There have been about a thousand programs run through the Actionable platform in the last year.

The programs that had the highest track record of realizing change were the ones that had less content but more time spent on content.

The ratio we have seen work really well is anywhere between a 3:1 or a 5:1 ratio between context and content.

What does that mean?

If you’re running a 90-minute session, the ideal scenario would be spending 15 or 20 minutes on new content and the balance of the session around discussion, relevance, and moving it from their head to the heart.

You can encourage this discussion by asking confronting and challenging questions such as; How is this essential for you to put this into practice? How is it urgent?
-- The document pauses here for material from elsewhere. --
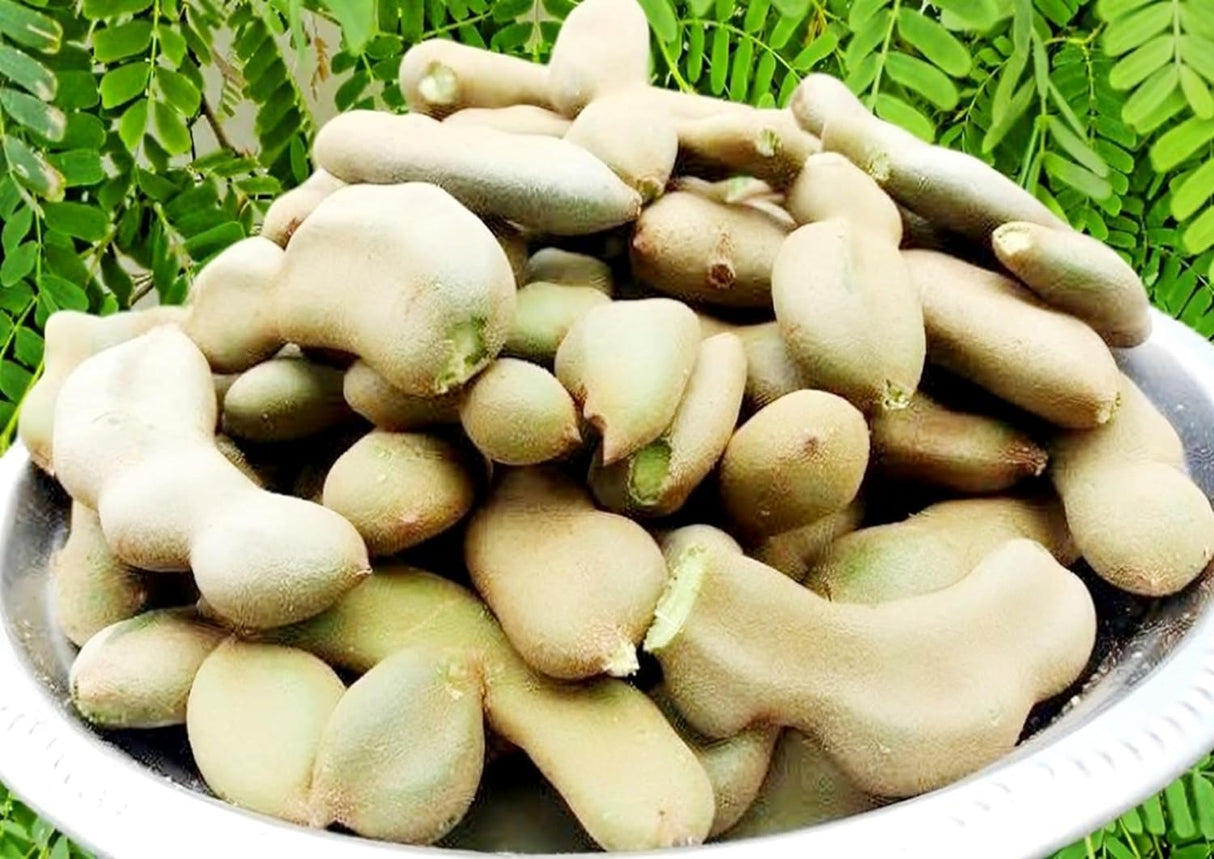 Green Tamarind 0.5Lb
What happens if I don’t do anything with this?

You’re likely already very good at striking the balance between content and context.

You will know this for yourself if that’s true because you’ve seen your participants experience what we here at Actionable call, the New Years Eve moment.

The moment they light up, have these powerful intentions and realize “yes, this matters to me!”.

They make bold, sweeping statements such as “I’m going to be a better leader” or “I’m going to be a better parent”.

The challenge is that’s not an actionable – no pun intended – commitment. Being a better leader or parent is the result of a number of shifts in behavior or habit, it’s the practice of the things you taught them.

You didn’t teach them to be a better leader, that’s the outcome. What is the specific next step they need to take to get them to that outcome? 

Tip #2 – Outline the “Laughably Small” First Step

BJ Fogg coined the term “laughably small”.

It’s what that first step for the participant should look like. It’s the tiny thing they can do to start moving them in the right direction toward that outcome.

When you’re in the room, help participants to put their desired habit change into the following statement structure:

When (situation) instead of (current behavior), I will (new, desired behavior), because (outcome). Using our leadership example this could look something like:


When I’m interacting with a colleague instead of leading with my opinion I will ask once qualifying question because I want to be a better leader.

The goal is to that their intention and translate it into something they can do on a daily basis and start getting repetition of this new behavior in. 

Tip #3 – Set up Social Support

It’s not enough to be specific about their change statement, participants also need social support.

Here’s the opportunity to encourage them to find an accountability partner, or, partner them up in the room with someone. Social support and accountability matters a great deal when attempting to change a behavior or form a new habit.

Tip #4 – Give them the opportunity for microreflection

Time and again we have seen the impact small moments of reflection can have during the habit change process.

Encourage daily check ins on how they are progressing with their habit and know that each time they do that they are engaging in this beautiful feedback loop that happens when they take the time to understand what they tried, what worked, what didn’t and how it can be improved the next day. 

Through our platform data, we have found on average between 10-29 days people are able to put new ideas into practice in a way that lasts.

For participants, it gives them great insight into themselves and their own process but for you as a facilitator, it gives you insight into what the next round of content should be. 

In Summary:

If you want to make your content sticky there are 4 key things you need to do:

#1 Spend less time on content, more time on context.

#2 Take their New Years’ moment – that good intention and help them translate it into a change statement that includes an action they can do on a daily basis. 

#3 Partner them up with a buddy to hold them socially accountable.

#4 Give them an opportunity to microreflect, to digest and absorb the information and feed the information back to you in a way that informs everyone as to what the appropriate next step should be.